Reaching the Waihi Beach settlement, we came across yet another freedom camping area. I must say this area is one of the best we have come across with place to stay. Although the number of spots is probably still not enough for the height of summer, there was plenty of choice here in winter.
As we rode past the Top 10 camping ground, Sarah spotted the bus belonging to Andy and Amber together with their two young children Jake and Daisy who write the blog Buslifenz.com and also have a very successful Vlog (video blog) on YouTube. Sarah has been reading and following their video adventures and was keen to say hello, so went and introduced ourselves. It’s a blog well worth having a look at.

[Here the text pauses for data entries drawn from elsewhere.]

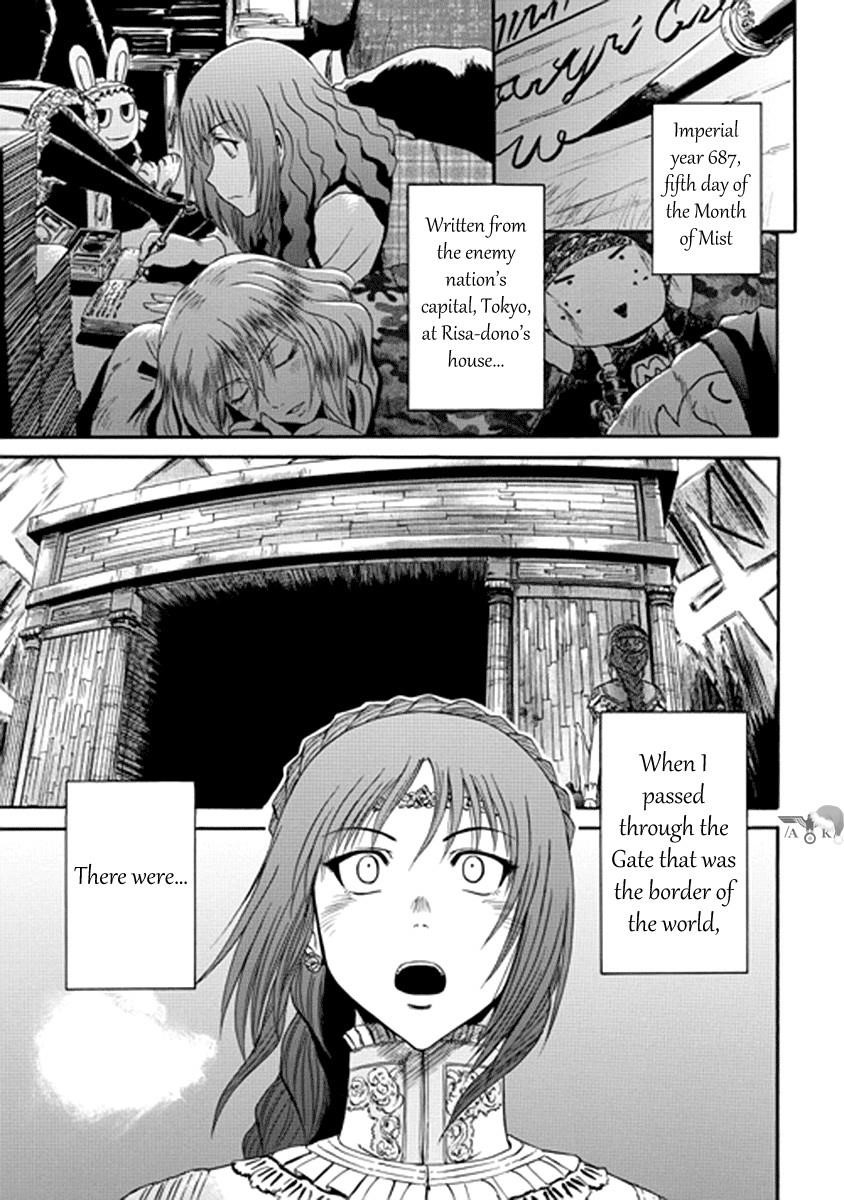 Gate – Jietai Kare No Chi Nite, Kaku Tatakeri Chapter 17 - Page 1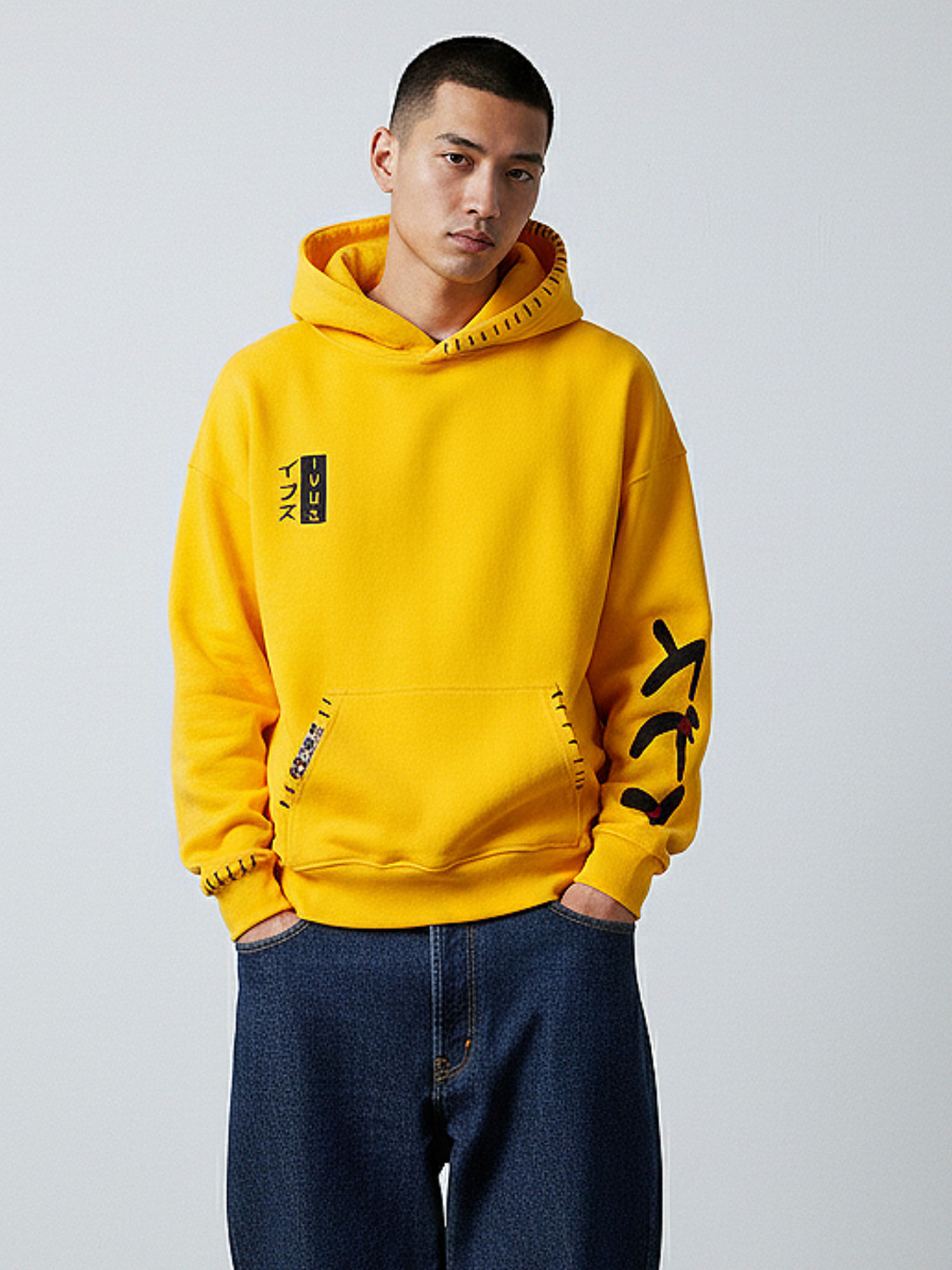 Hoodie SayOnara - Yellow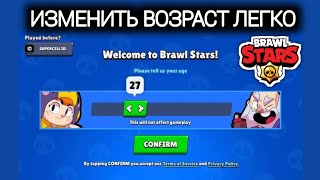 Как изменить возраст в Brawl Stars 2025 (новое обновление)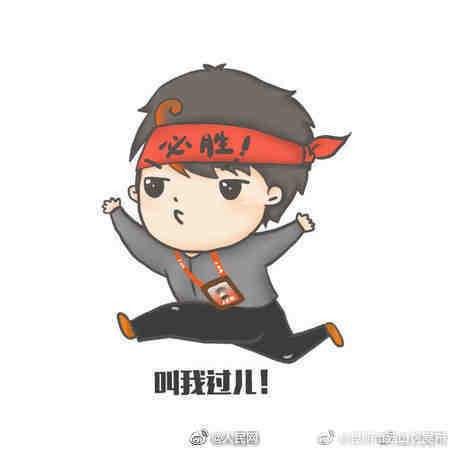 “昆明市西山区发布”微博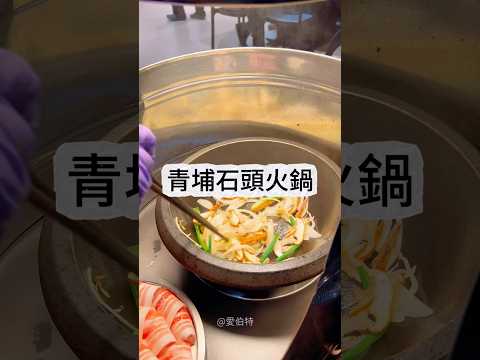 桃園青埔東東石頭火鍋評價，麻油爆炒，近華泰名品城宵夜鍋物推薦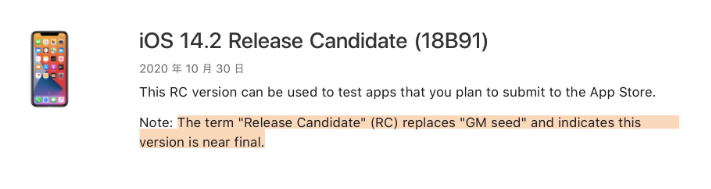 丘北苹果手机维修分享iOS 14.2 RC版是什么版 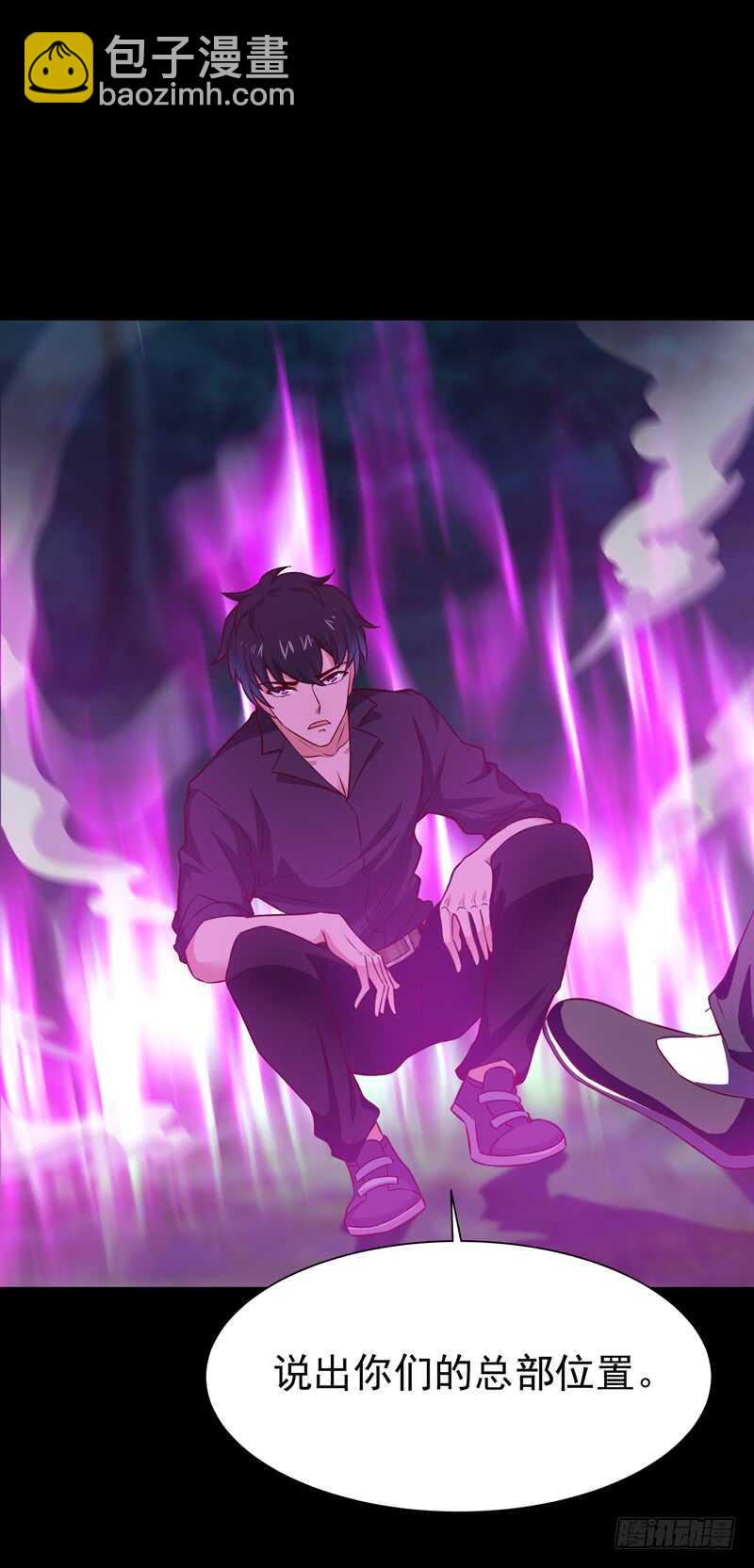 🍲重生都市天尊 第67话 万劫不复 第10页
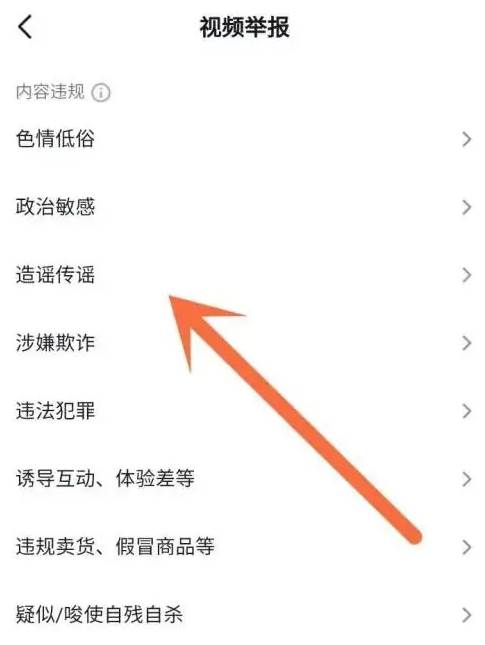 抖音如何举报视频违规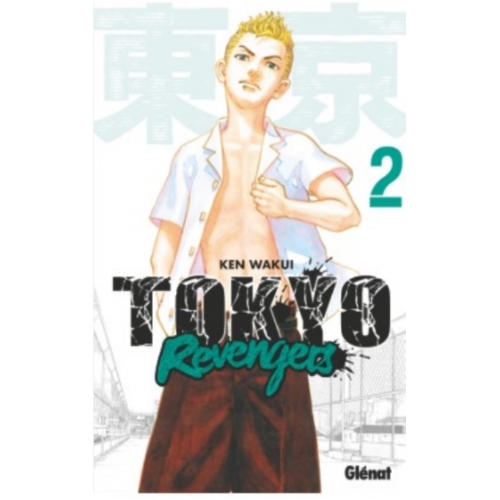 Tokyo Revengers - Tome 2 
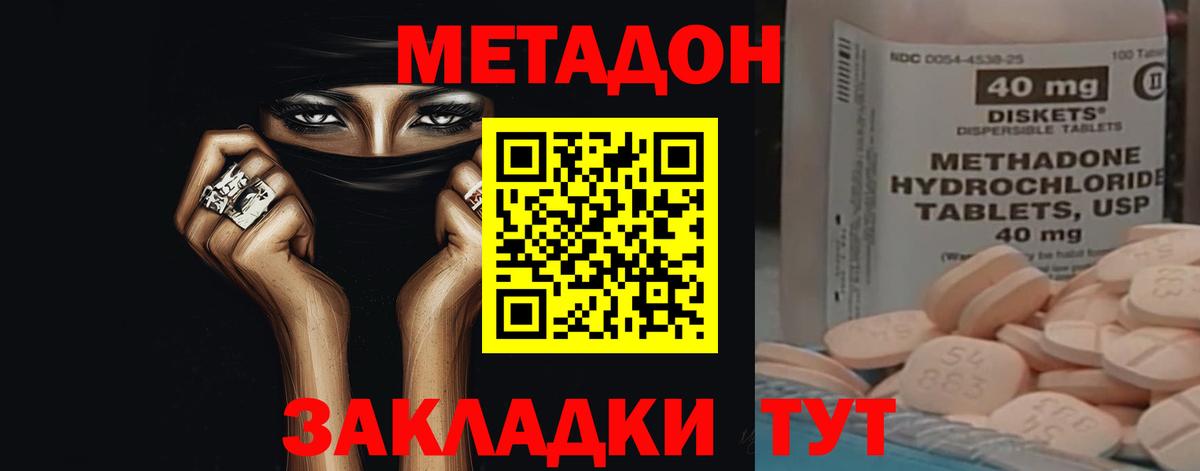 МЕТАДОН мёд  Вход с VPN  Холмск 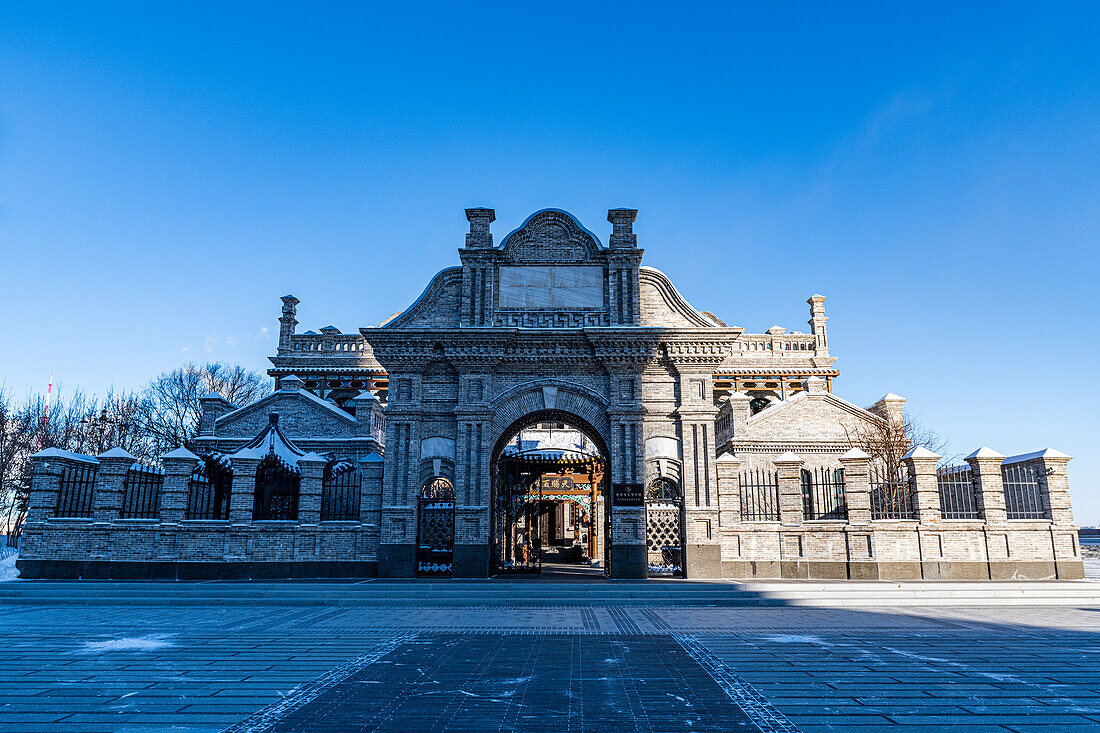 Old Russian building in Heihe, Heilongjiang, China, Asia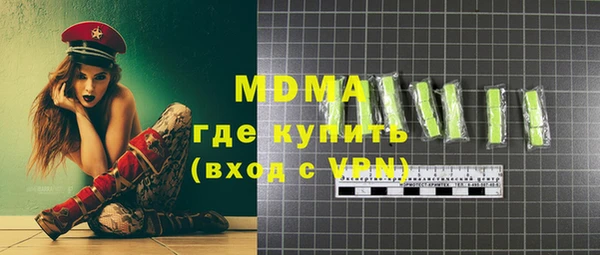 синтетический гашиш Козловка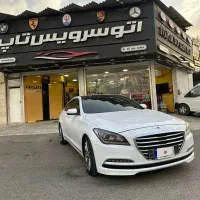 جنسیس رویال ۲۰۱۶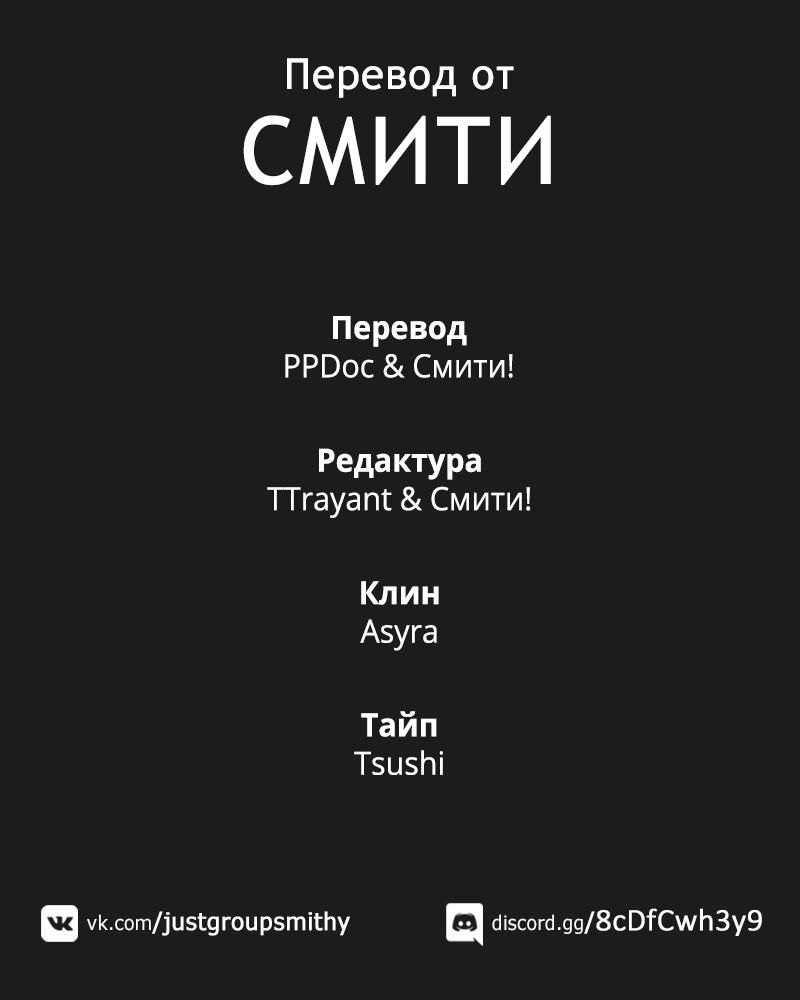 Магия Вернувшегося должна быть особенной — 27 глава, фрейм 16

In the hills behind the campground is the Waihi Beach reservoir with an extensive walking/cycling track that runs right around it, through native bush. It was a real hidden gem to find.
When we had driven into Waihi Beach the previous day, we noticed some caravans and motorhomes parked at the top of the hill to the left. This turned out to be the local RSA. We rode up to investigate. It’s free to stay here although obviously, they do like you to take advantage of the bar and restaurant. You must also register with the office upon arrival. Great meals for $20 according to the people we spoke to staying in one of the caravans.
Returning from the bike ride (28kms) we decided that we hadn’t had enough exercise and decided to climb the hill on the other side of ANZAC Bay. Other than the paths being very wet and slippery, it was an enjoyable walk up and over the hill to Shelly Beach on the other side.
This hill must have had a strong Maori presence in the past as we came across several shell middens along the path. The pile of shells in the photo above was almost half a metre deep and 100 metres up the bank and had obviously been used for a very long time.
Back up to the top, we took in the fantastic views back towards Waihi Beach, they certainly made the walk worthwhile. On the way down I noticed just how badly the area was affected by noxious weeds like Gorse, Blackberry, Ginger etc. it is a real shame to see this, and I wonder what can be done to restore the area to native bush or at least help reduce the problem.
Overall we have really enjoyed our stay at ANZAC Bay and have been surprised by the amount of places that you can stay in such a small geographical area. Well done to the local council for having these. We also loved the walks and the cycle along the long flat road next to the beach so pretty. All in all, a place well worth a visit.